Dar graças em tudo não é um comportamento estoico de negar a dor. Nem mesmo fazer o jogo do contente, não significa negar as dificuldades ou fingir que tudo está sempre bem. Não é manter uma atitude utópica e ilusória de dizer que “não há dor.” A negação da dor não resolve a dor em si e pode ainda se tornar mais dramático pois podemos introjetar o sofrimento e adoecermos física e emocionalmente. A teologia cristã não afirma: “quem tem Jesus gosta de cantar, está sempre sorrindo mesmo quando não dá!” Diante da morte do amigo Lázaro, Jesus chorou. Ele não ignorou a dor.
"Em tudo dai graças" é um convite à gratidão constante, mesmo diante de situações desafiadoras. É um reconhecimento de que Deus está presente em todas as circunstâncias, mesmo quando não conseguimos compreender seus planos, e que Ele opera para o nosso bem. É uma atitude de fé e esperança que nos ajuda a viver uma vida mais plena de significado. Não é fácil dar sempre graças. Agradecer pelas coisas boas, um aumento de salário, uma conquista é fácil, mas agradecer sempre é desafiador. Basta olhar a realidade do nosso coração. Temos uma forte tendência à reclamação e murmuração, não à gratidão.

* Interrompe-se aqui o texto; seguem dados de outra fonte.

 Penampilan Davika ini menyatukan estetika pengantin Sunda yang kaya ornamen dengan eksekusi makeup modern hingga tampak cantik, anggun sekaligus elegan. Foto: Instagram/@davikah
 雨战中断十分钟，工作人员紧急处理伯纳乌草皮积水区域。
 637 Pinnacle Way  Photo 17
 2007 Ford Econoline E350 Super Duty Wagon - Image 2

Não preciso dizer: “Que coisa maravilhosa, sofri um acidente de carro.” ou “obrigado Senhor pela tragédia!” Não se trata de masoquismo cristão. Não há nenhum prazer no sofrimento enquanto sofrimento. Mas podemos dizer: “Senhor, apesar da minha dor, eu sei que o Senhor me ama. Este momento de minha vida está muito difícil, e os fatos têm causado muita tristeza ao meu coração, mas eu te agradeço porque sei que, na sua sabedoria, o Senhor vai usar isto para tua glória e para o meu bem”. Neste caso, não estamos felizes com a dor, mas nos sentimos seguros no meio da dor porque sabemos que há um Pai amoroso e bondoso que cuida de nossa história, e que ele tem pensamentos de paz, e não de mal, para nossa vida.